Publisher

What Facebook Instant Articles Means for Ad Economics

Facebook Instant Articles is back in the news this week. After a bit of a sleepy start, Facebook is expanding the list of participating publishers and increasing the number of users who have access to Instant Articles content. Lots of people are going to start consuming content directly in the Facebook app rather than through embedded webpages. And that has some big implications for ad economics.

As a point of reference, consider three consecutive ads delivered to me in the Facebook app:

These ads paint a picture of who I am — a small business owner working in the tech space. Targeted advertising at work.

Next, I tapped on a Business Insider article that was posted in my Newsfeed. This loaded an embedded webpage within Facebook’s app. Refreshing this same page a few times, I saw the following ads:

A Spanish language car promotion, a cooking ingredient ad, and an offer for a trip to the Catskills? Who do these advertisers think I am? The answer is that they have no idea who I am because Safari (the embedded browser in all iOS applications) rejects third party cookies. Ads served in Facebook’s native app can be targeted based on my device ID, but ads served in Safari don’t support any user targeting. Inside Facebook Newsfeed, advertisers know who I am and can employ highly targeted campaign tactics. But within embedded webpages, audience targeting goes out the window.
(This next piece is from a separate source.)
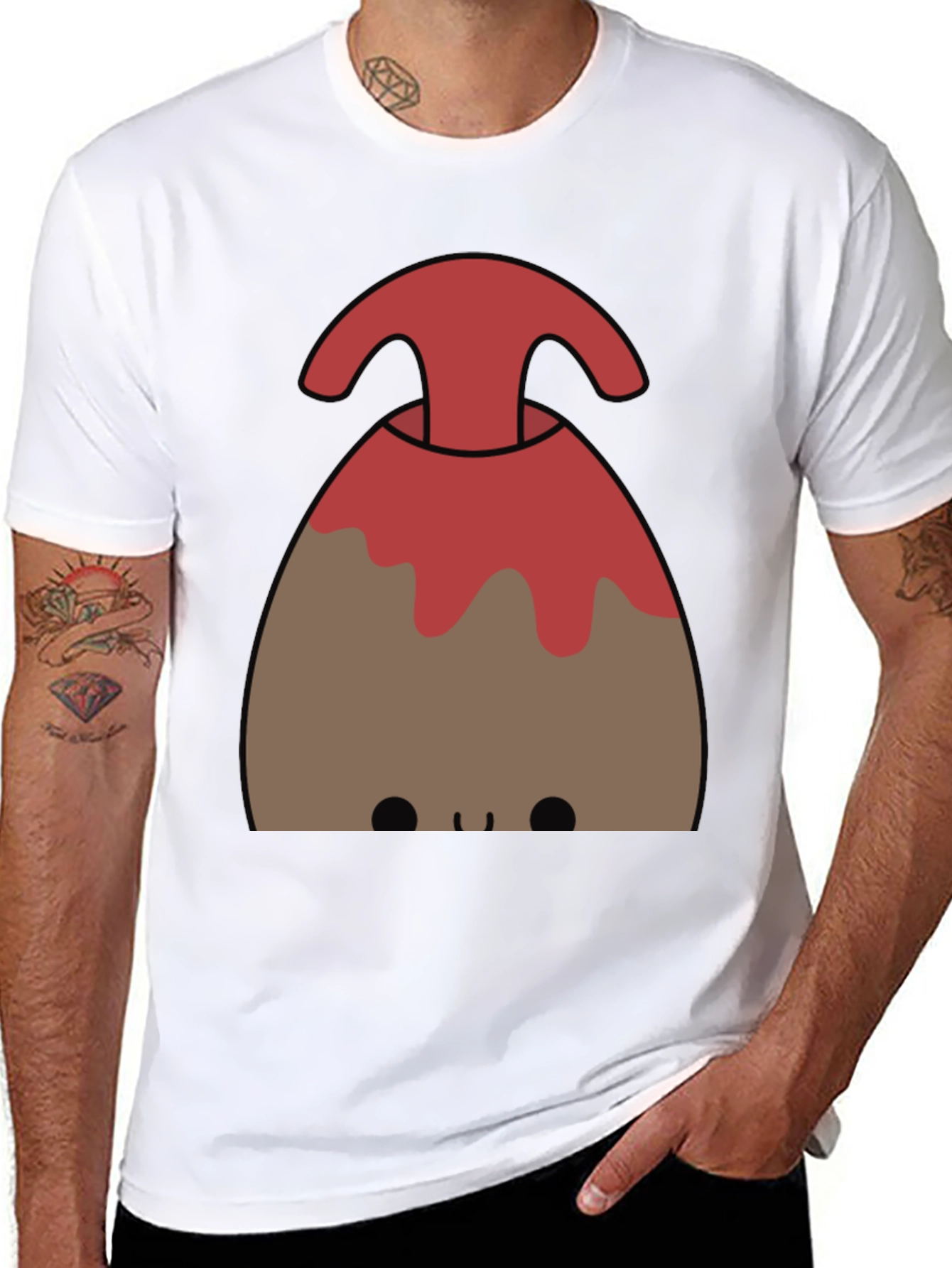 Cute Volcano Graphic Tee - Black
The result of this targeting disparity is that advertisers are willing to pay much higher rates for in-app inventory than mobile web inventory. Facebook knows this and so do publishers. Facebook Instant Articles brings in-app economics to mobile content consumption, unlocking audience targeting capabilities for advertisers and boosting yield for publishers. Sure, faster article load times, lower bounce rates, and greater sharing activity are nice. But the real value of Facebook Instant Articles is ad economics.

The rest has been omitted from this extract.